I had invented this fiction whereby I convinced myself the heart should never beat too much. I avoided exercise for that reason, despite a lifetime of it. My nurse friend said there is no connection between the heart beating - even a little too fast, in times of anxiety - and associated physical problems with the heart.

This isn't, of course, to say that a super-fast heart rate is what you want, of course. Which brings us to more generally dealing with your anxiety.

If you are interested, I posted a long post the other day (entitled "There is hope - here's what helped me") in which I detail 15 points that really helped me out of anxiety... and none of them involve medicine.

The US in particular has a predisposition with patching perceived problems with medicine. The answer, however, is within you. Meds will just get you to the end of the day, ultimately. The longterm answer is within you.

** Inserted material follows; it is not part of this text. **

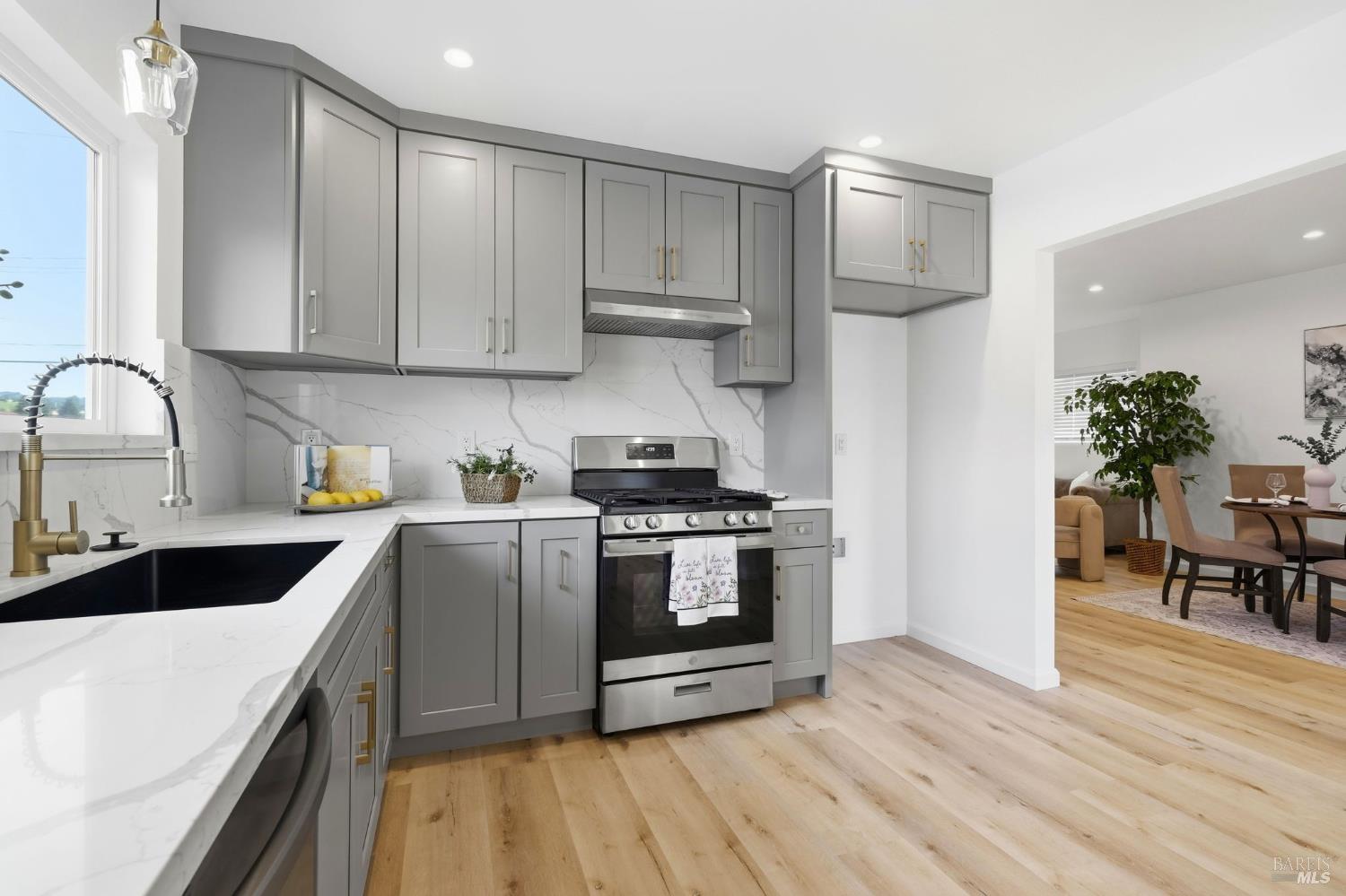 Detail Gallery Image 9 of 30 For 333 14th St, Vallejo,  CA 94590 - 3 Beds | 2 Baths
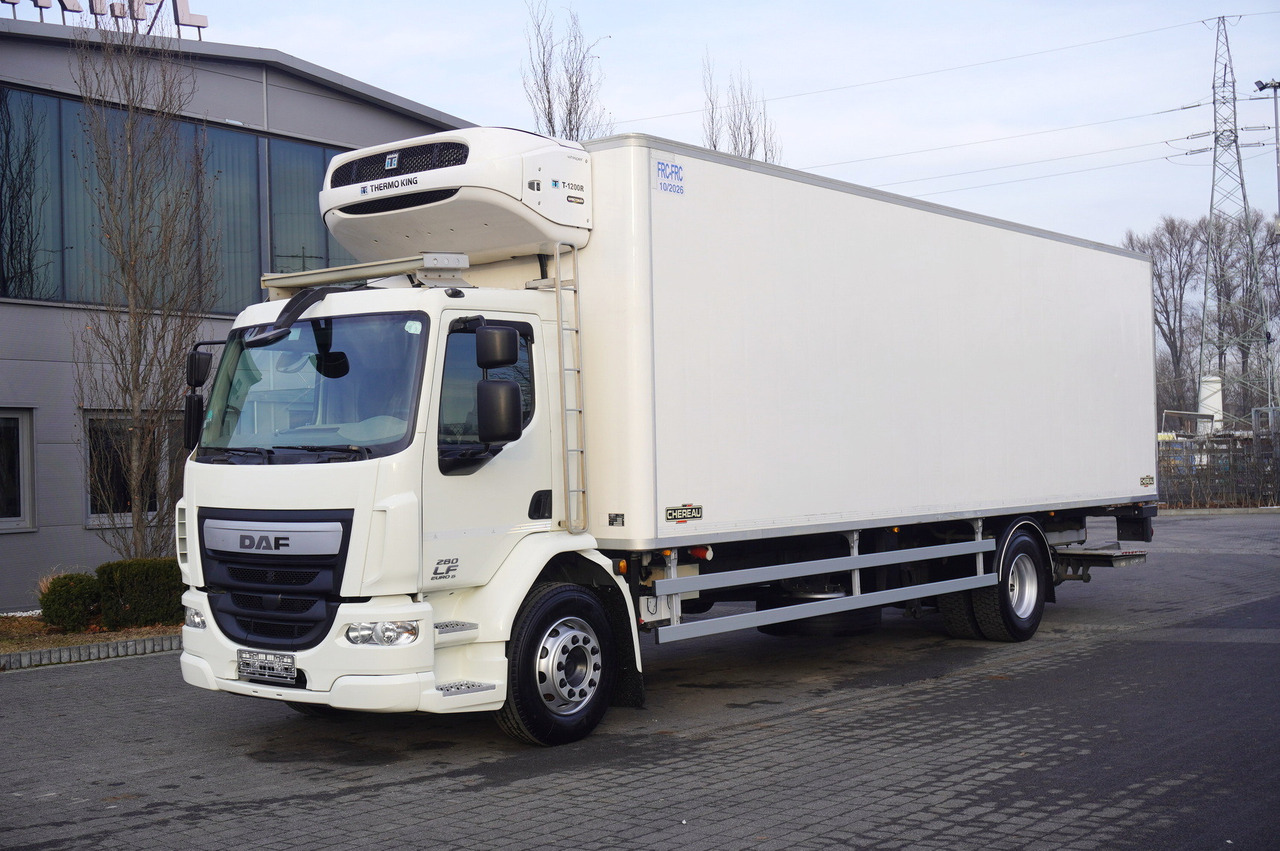 DAF LF 280 / Chereau multi-temperature refrigerator / Dhollandia DHSM.30 lift 2000 kg - Hladnjača: slika 1 DAF LF 280 / Chereau multi-temperature refrigerator / Dhollandia DHSM.30 lift 2000 kg - Hladnjača: slika 1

Finally, it's great you're doing breathing exercises, drinking chamomile etc - just try not to turn these things into a combined mascot for your anxiety. Regard them with love, objectively, as tools that help. And as for breathing, I remember being told that, contrary to what may seem intuitive, faster, deeper breathing during an attack is actually worse than trying to slow your breathing down. Please look into something called the Buteyko method - I can vouch for it. A simple, short book off Amazon, and it'll change your breathing forever.

Good luck to you!

Stephj526
05-03-2015, 10:02 PM
You have normal health anxIety, as sucky as that may be. For me, my heart is almost always the culprit (with strokes and clots in a close run for 2nd). I get palpitations, fast heart rate, numbness, jaw pain...the whole shebang. I've had EKGs, 24 hr monitor, 30 day monitor, stress test, echoes, blood work...you name it. I do have sinus tachycardia where my heart beats fast for no reason sometimes, but it's physically healthy.

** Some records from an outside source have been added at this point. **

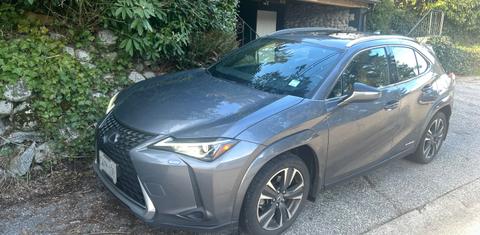 Lexus UX 2022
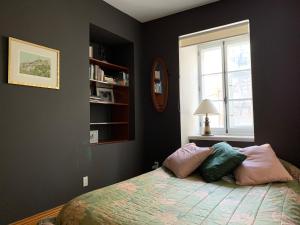 ein Schlafzimmer mit einem Bett mit zwei Kissen darauf in der Unterkunft Artillery view Condo (free parking) in Québec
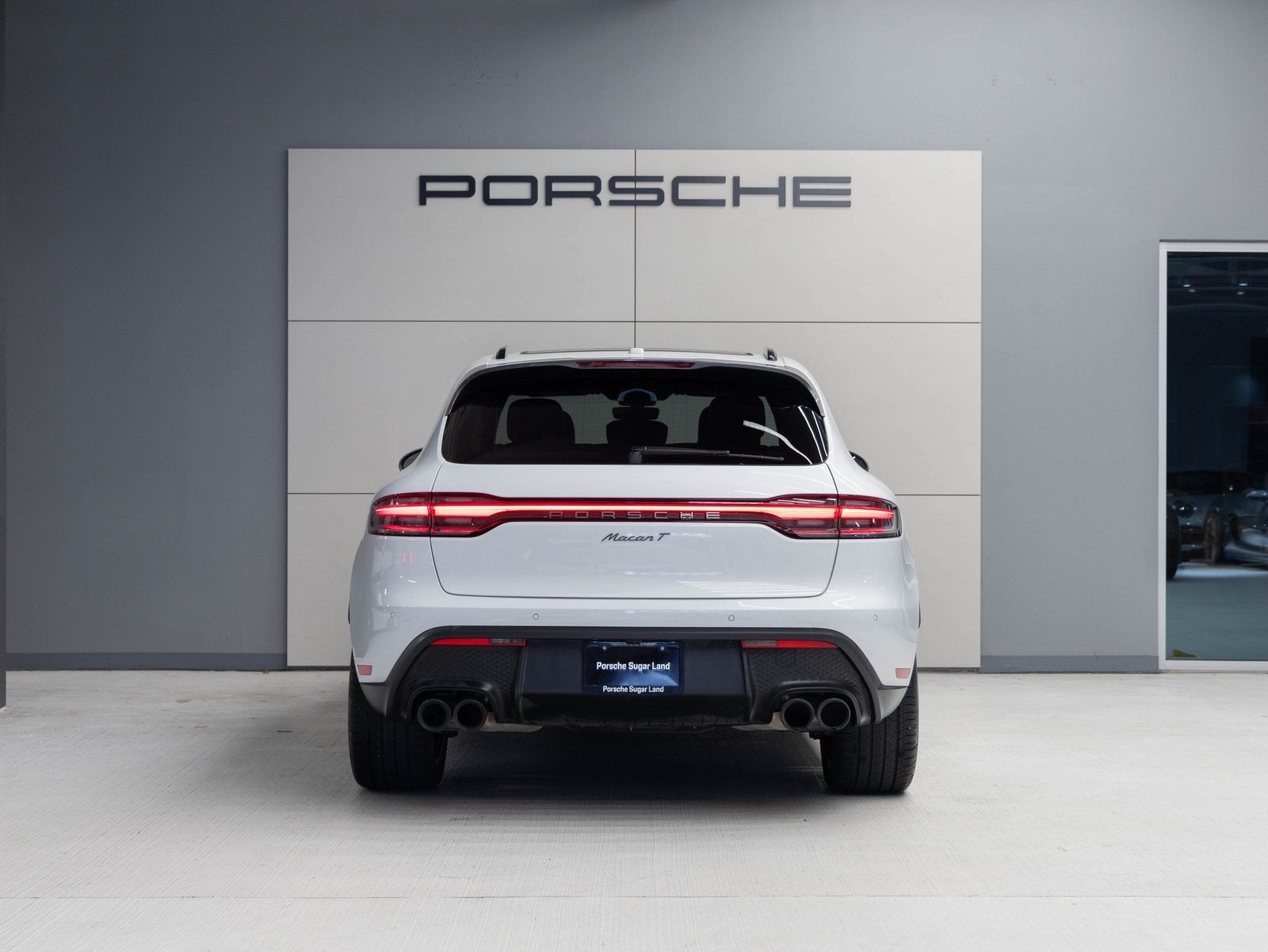 2024 Porsche Macan Macan T (MY24)
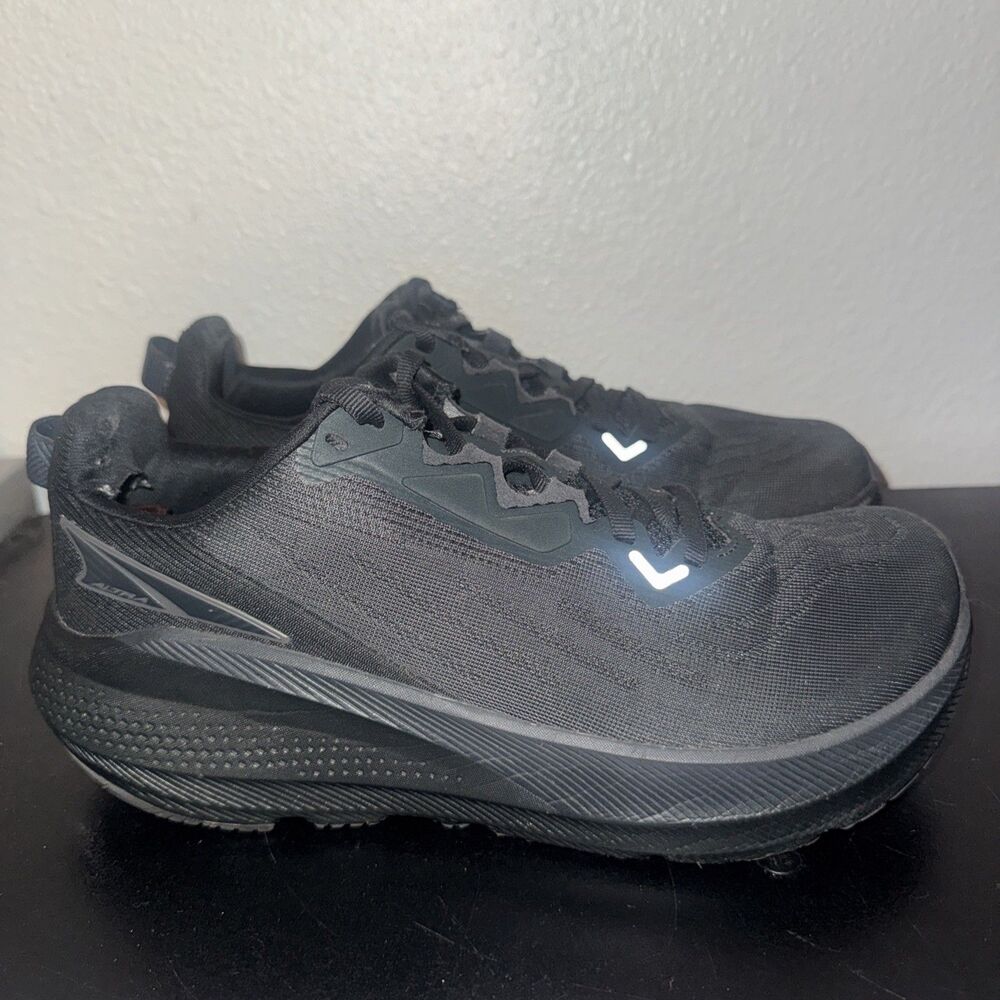 Altra FWD Via sneakers Triple black Women’s Size 9 *flaws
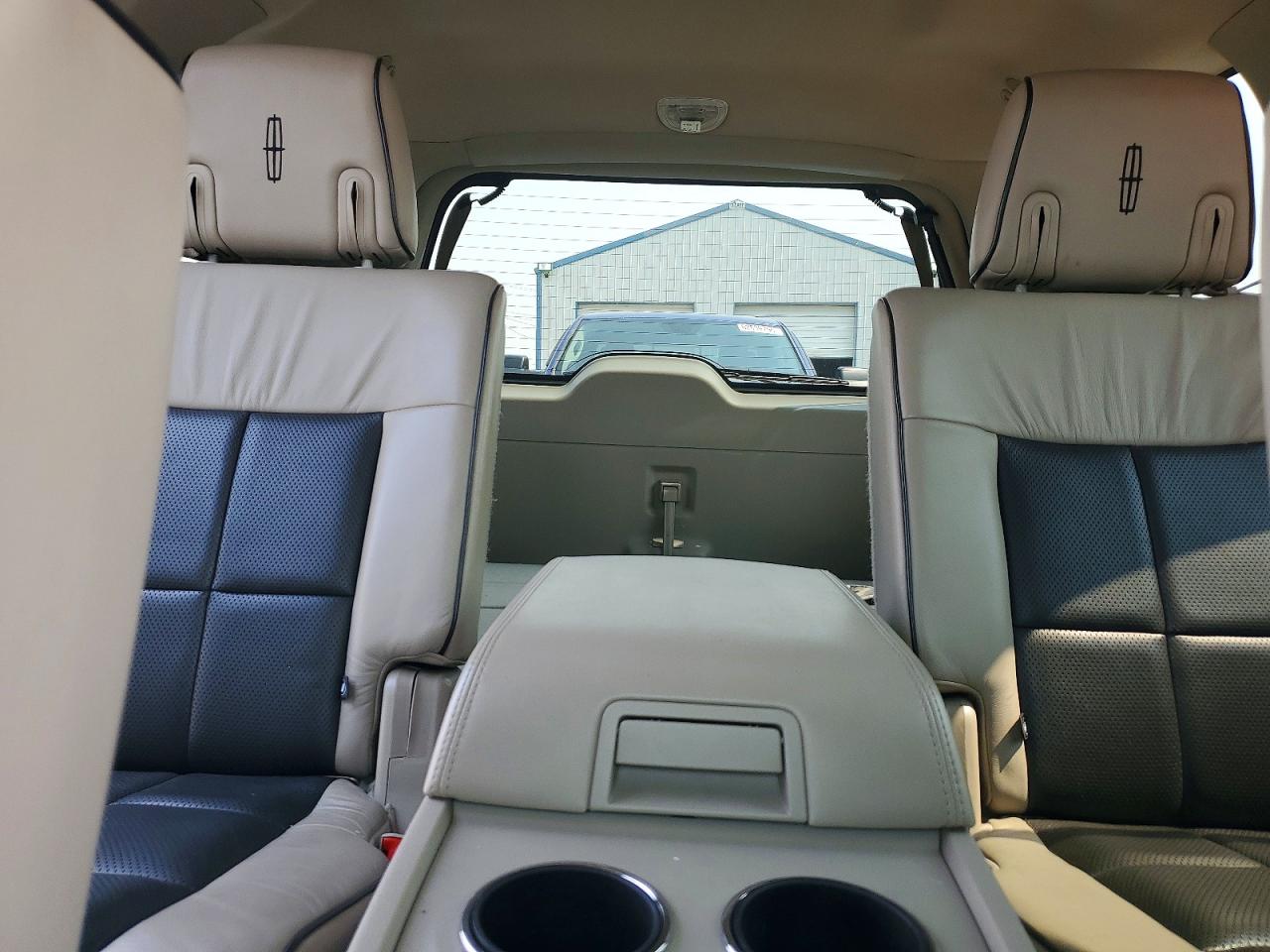 2010 Lincoln Navigator Black vin: 5LMJJ2J54AEJ10585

Just tonight I had pain and swore something was wrong. Now an hour later I'm feeling better. Definitely try breathing through, and maybe something to take your mind off it. I play games on my phone or talk on the phone. Sometimes just telling someone what you feel helps too. Hope you feel better!!

sae
05-03-2015, 10:46 PM
It's been my experience that when it is actually a heart attack you just plain know. I have had two heart attacks and multiple panic attacks and at least for me they feel completely different. During a heart attack I am cool as a cucumber, just in pain. Hell my first heart attack I thought was just heartburn from eating a hamburger with onions until I took a face dive off of a porch and woke up in an ambulance.
Understand my case is really stupid rare and unlikely. I had syptoms long before my first heart attack. My panic attacks always come suddenly, out if nowhere, with those awful "what if I die" thoughts. The anxious mind is a lying butt muncher. Sometimes you just gotta smile at it and say "ahh, stupid brain... I see what you did there, fool me once, shame on you, fool me twice and I will stab you with my silver lining thinking!"
I definitely agree with the breathing exercises. They have helped me immensely over the past year.